The Batman memang menampilkan adegan aksi yang cukup beragam. Mulai dari pertarungan jarak dekat, kejar-kejaran dengan Batmobile, pun manuver dengan beragam peralatan Batman. Namun porsinya tak sebanyak “permainan otak” Batman.

Superhero tanpa kekuatan super ini lebih sering diperlihatkan beraksi bak detektif polisi di film kriminal. Memecahkan petunjuk dan teka-teki, mencari barang bukti, sampai adegan menyusupkan mata-mata untuk mengumpulkan informasi.

Menarik, memang. Tapi mengingat durasinya yang nyaris tiga jam, di beberapa bagian filmnya terasa kendor dan berlama-lama berkutat di satu titik.


Metamorfosis Batman

Di luar ini, sutradara Matt Reeves—yang juga ikut menulis naskah—menyisipkan satu topik yang terasa sangat familier dengan kondisi di dunia nyata.
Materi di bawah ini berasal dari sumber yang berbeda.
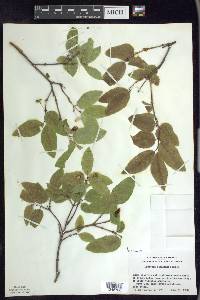 Lonicera canadensis image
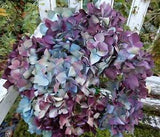 10 Dried Hydrangea Flowers Lt Blue, Green, Cream, Purple Wedding Craft Farmhouse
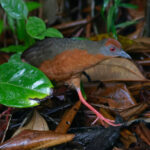 Russet-crowned Crake (image by Leo Garrigues)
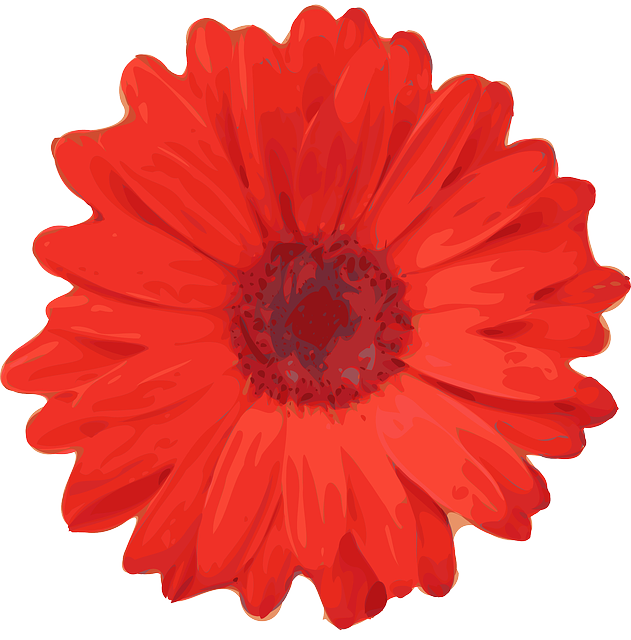 Free download Daisy Flower Red - Free vector graphic on Pixabay free illustration to be edited with GIMP free online image editor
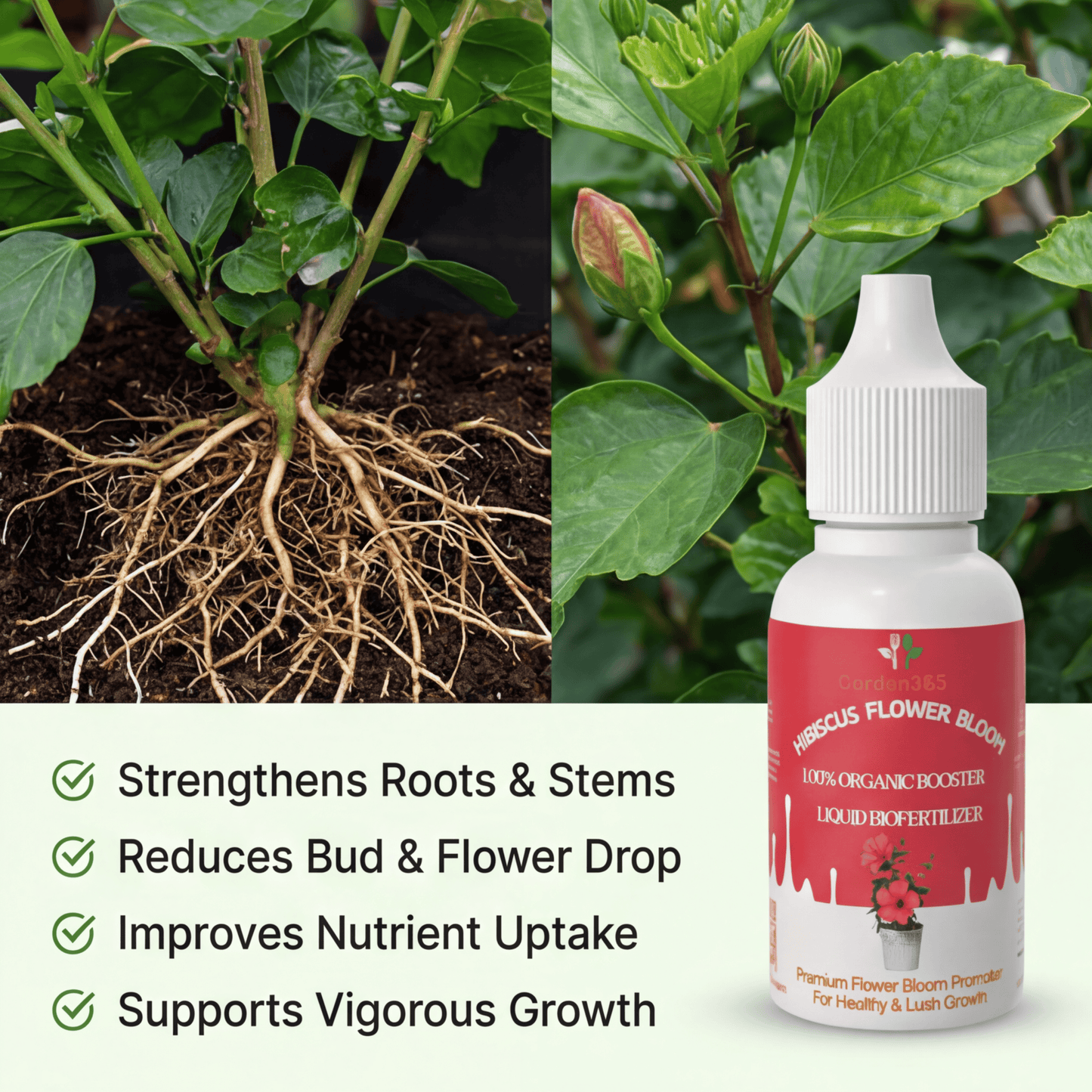 Hibiscus Flower Bloom – Organic Bio Fertilizer for Hibiscus 50 ml | Makes upto 10 Ltr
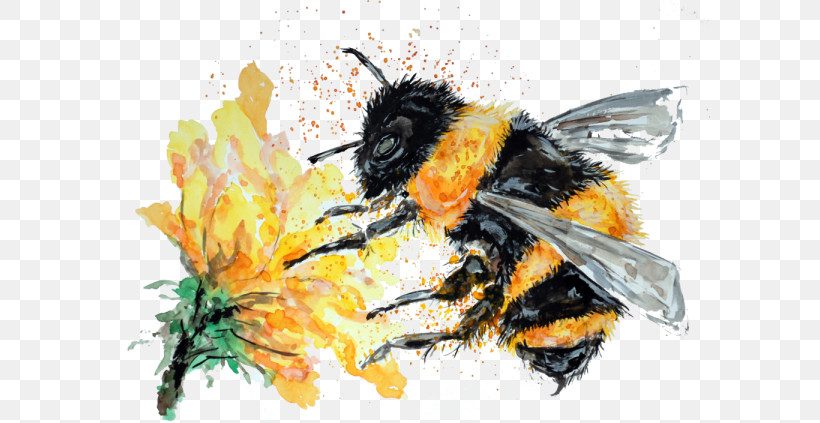 Bumblebee, PNG, 600x423px, Bumblebee, Bee, Blowflies, Carpenter Bee, Fly Download Free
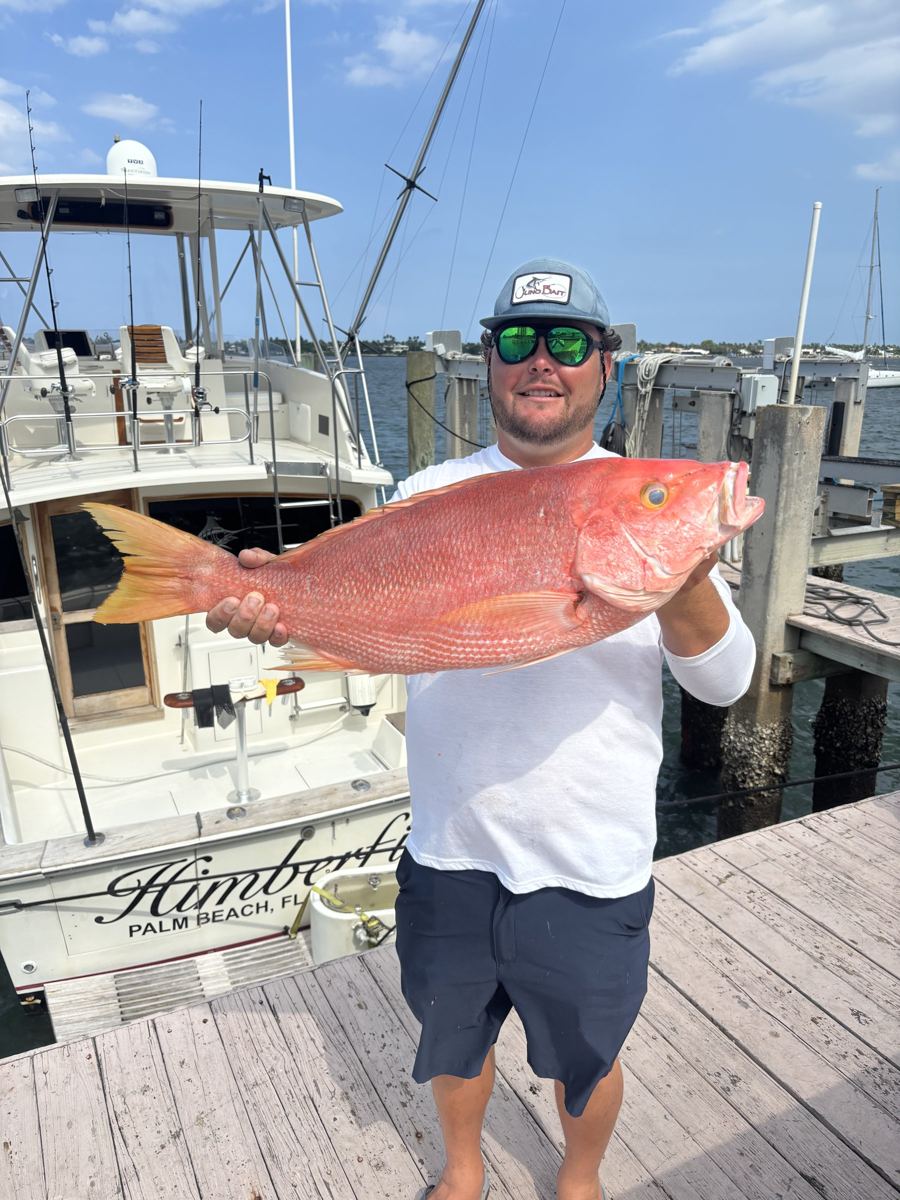 Yellow-eye snapper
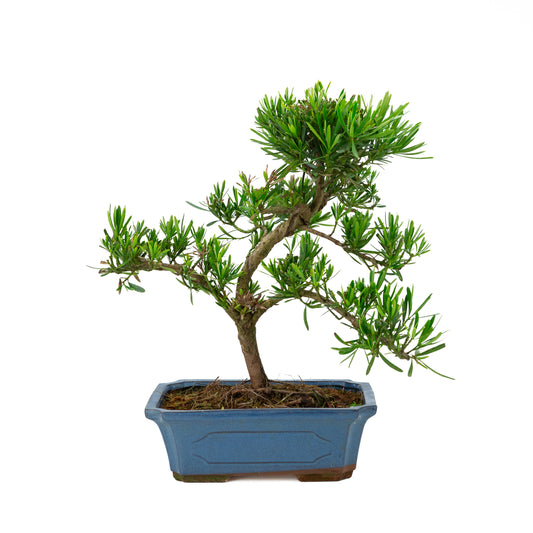 Podocarpus macrophylla, blaue Schale, 30 cm Durchmesser, Höhe ca. 45 cm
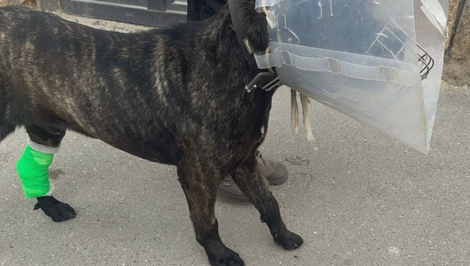 Majiteľ napadol na svojho psa nožom. Po brutálnom útoku vyplávali znepokojujúce fakty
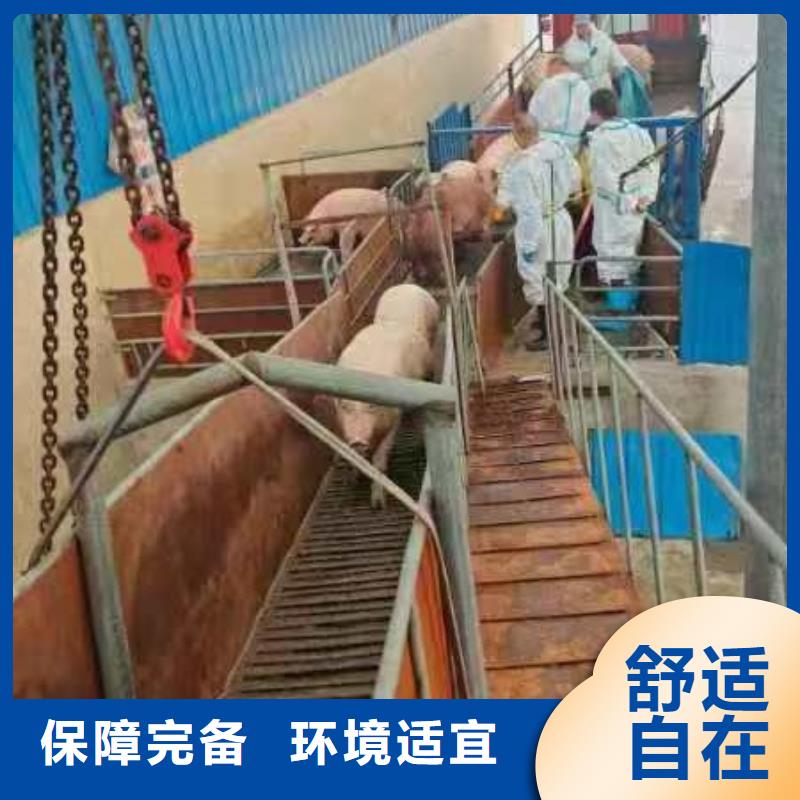 宿迁市沭阳到三门峡散装料专用车正规物流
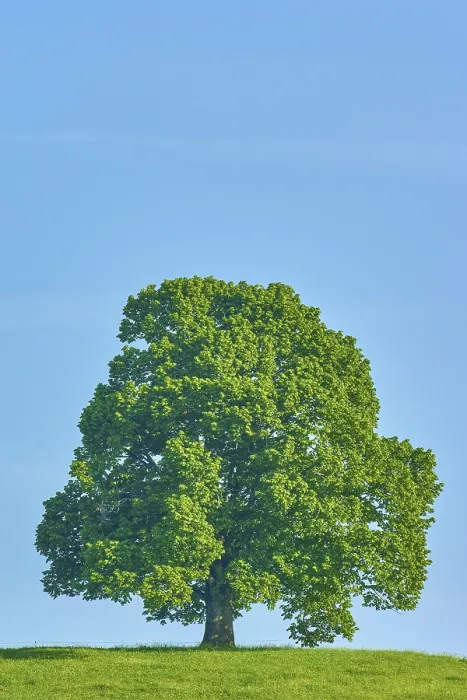Gerahmter Druck : Ein einzelner großer Limbaum (Tilia). Gerahmter Druck : Ein einzelner großer Limbaum (Tilia).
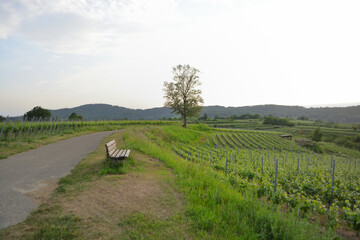 Kaiserstuhl near to Freiburg in Germany, a wine growing area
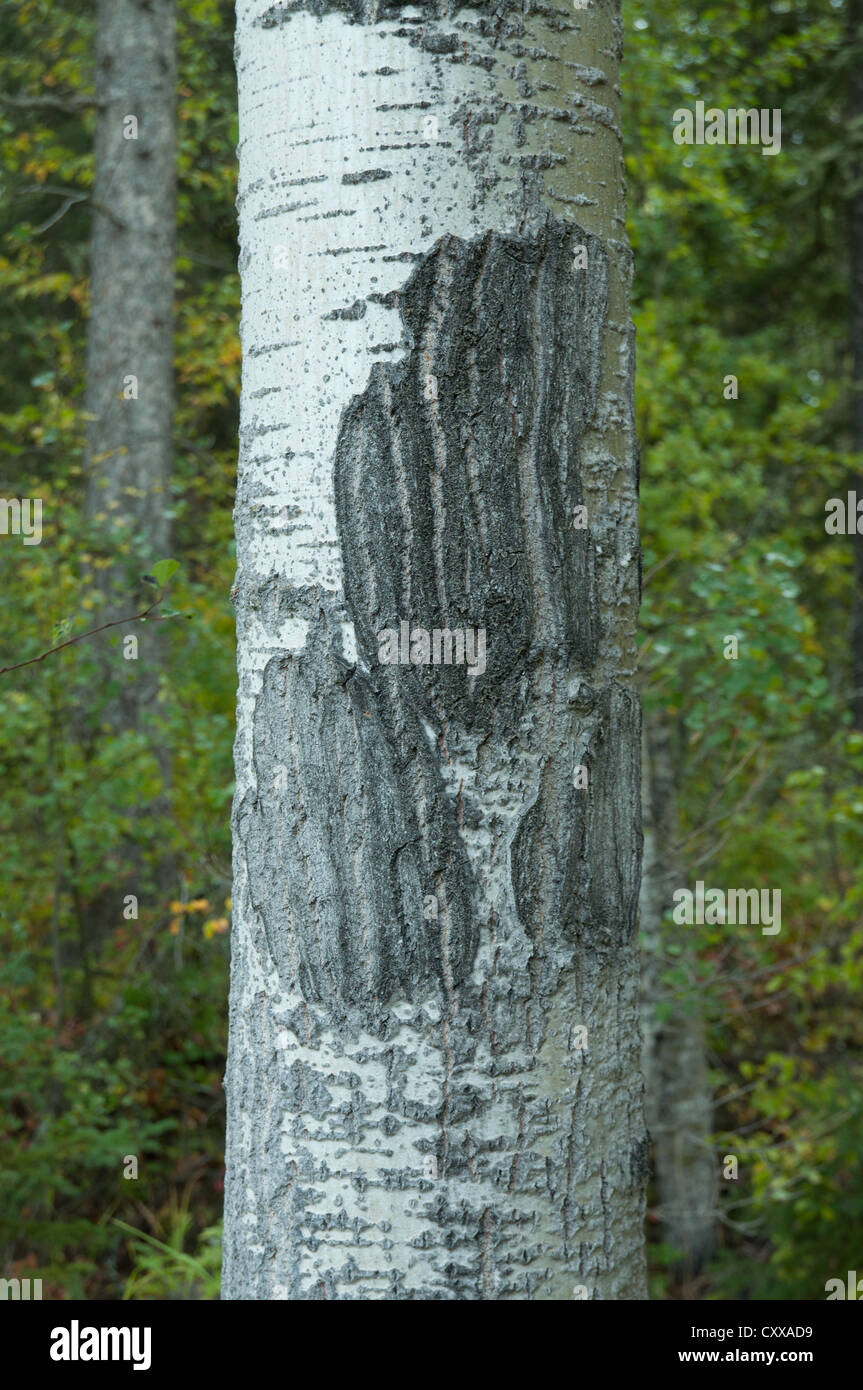 Birke mit Kratzspuren von einem Bär, Nord-Alberta, Kanada. Stockfoto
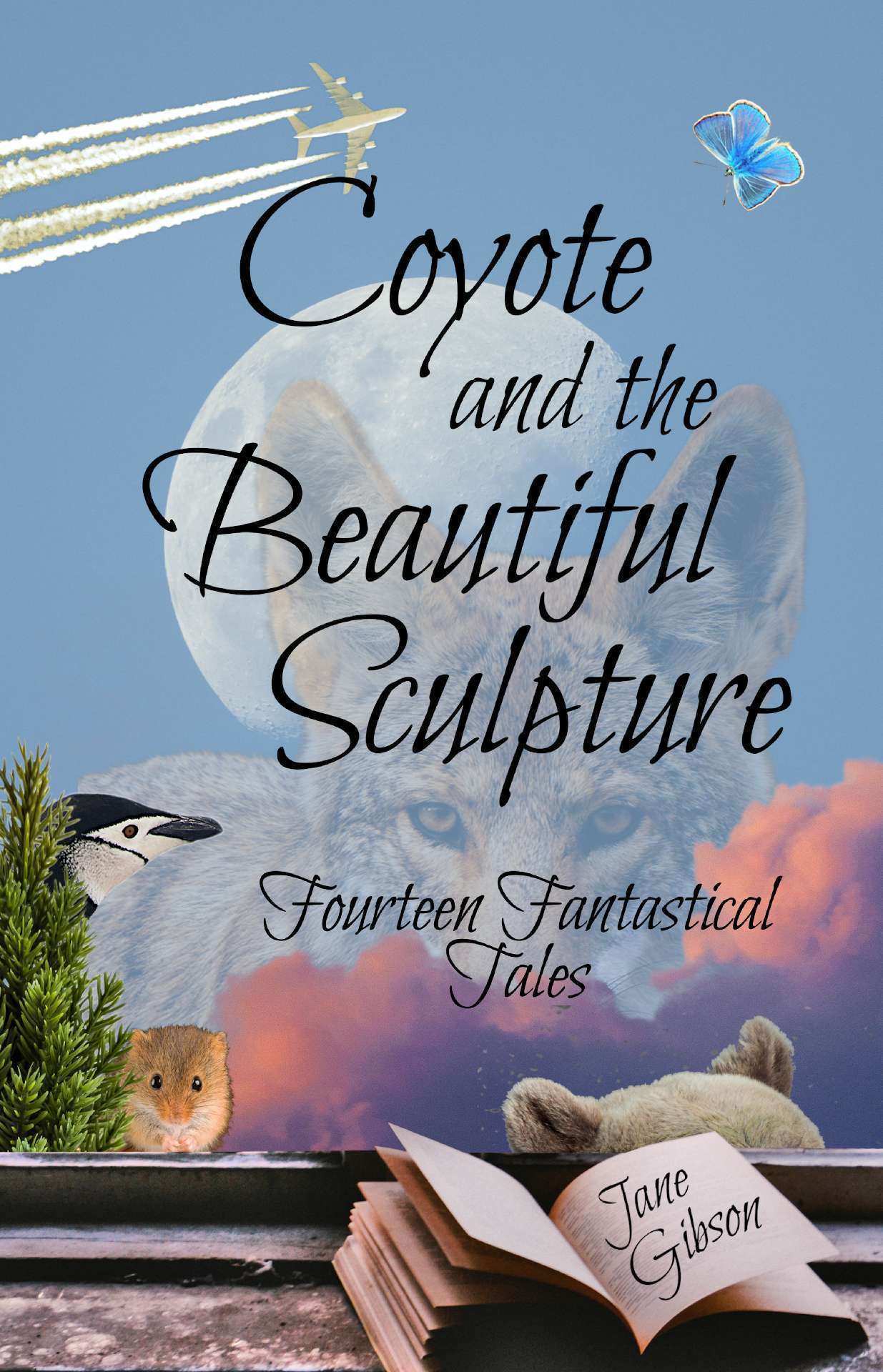 Coyote and the Beautiful Sculpture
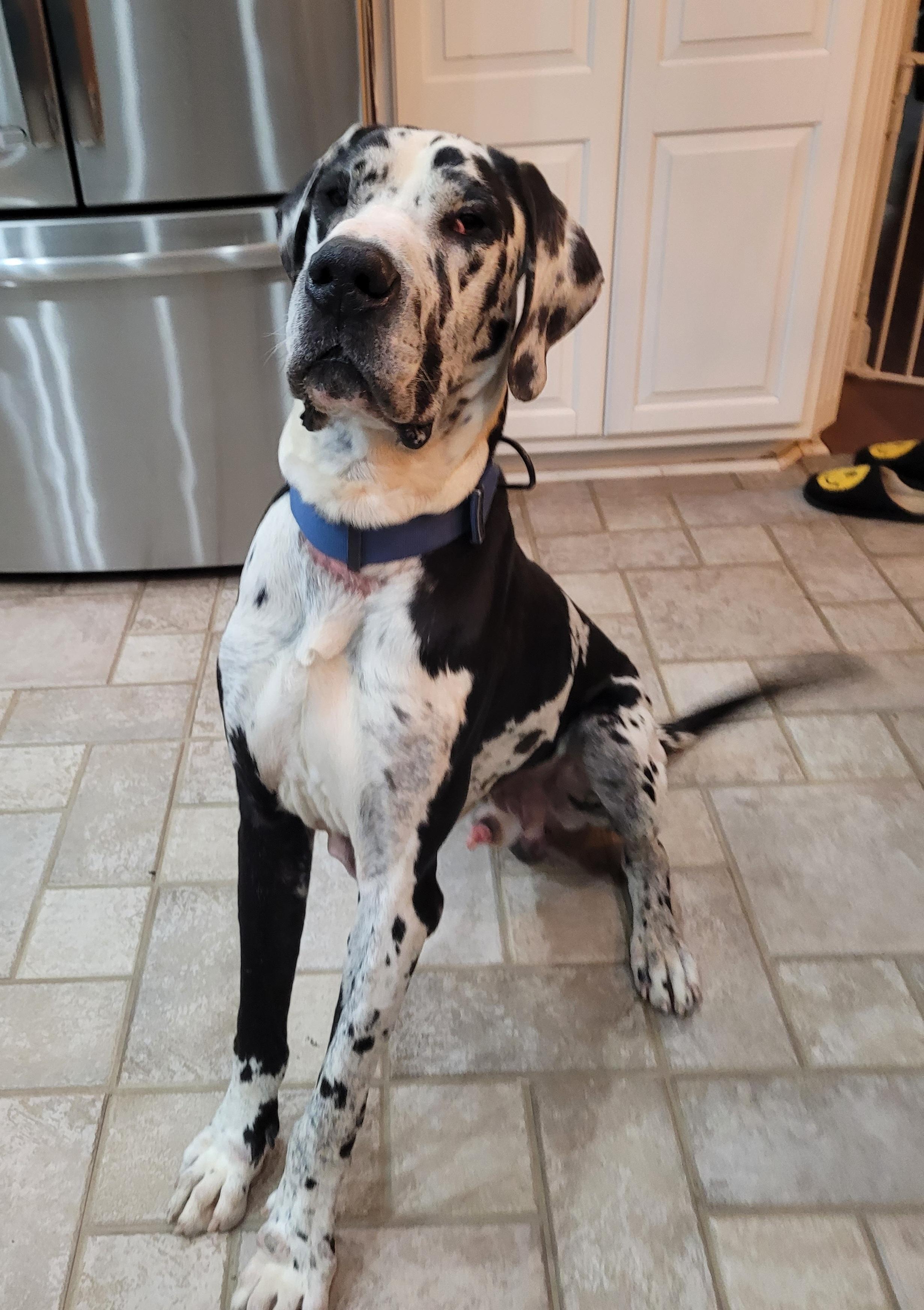 Joker, ADOPTABLE, Adult Male Great Dane.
Bahwa kelakuan para pejabat Gotham yang korup dan bobrok, bukan hal yang asing di kehidupan yang sebenarnya. Bahwa orang-orang yang diberi amanah untuk melindungi dan memberantas kejahatan, justru menjadi sosok terdekat yang bergandengan tangan dengan penjahat kakap.

Di akhir film, metamorfosis karakter Batman pun terasa lengkap. Kalau sudah begini, tak ada jalan lain. Kami tunggu jilid selanjutnya dari Batman versi Pattinson.